Your task
What you write must match exactly the lines from the one with "Total number of" through the last line of the material below.

Provided data
_ _ _

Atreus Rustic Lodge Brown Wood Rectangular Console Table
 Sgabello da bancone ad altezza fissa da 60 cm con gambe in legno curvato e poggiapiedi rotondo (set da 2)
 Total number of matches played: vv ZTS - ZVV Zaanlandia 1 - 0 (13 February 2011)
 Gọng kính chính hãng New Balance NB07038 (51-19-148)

_ _ _

Written answer
 Total number of matches played: vv ZTS - ZVV Zaanlandia 1 - 0 (13 February 2011)
 Gọng kính chính hãng New Balance NB07038 (51-19-148)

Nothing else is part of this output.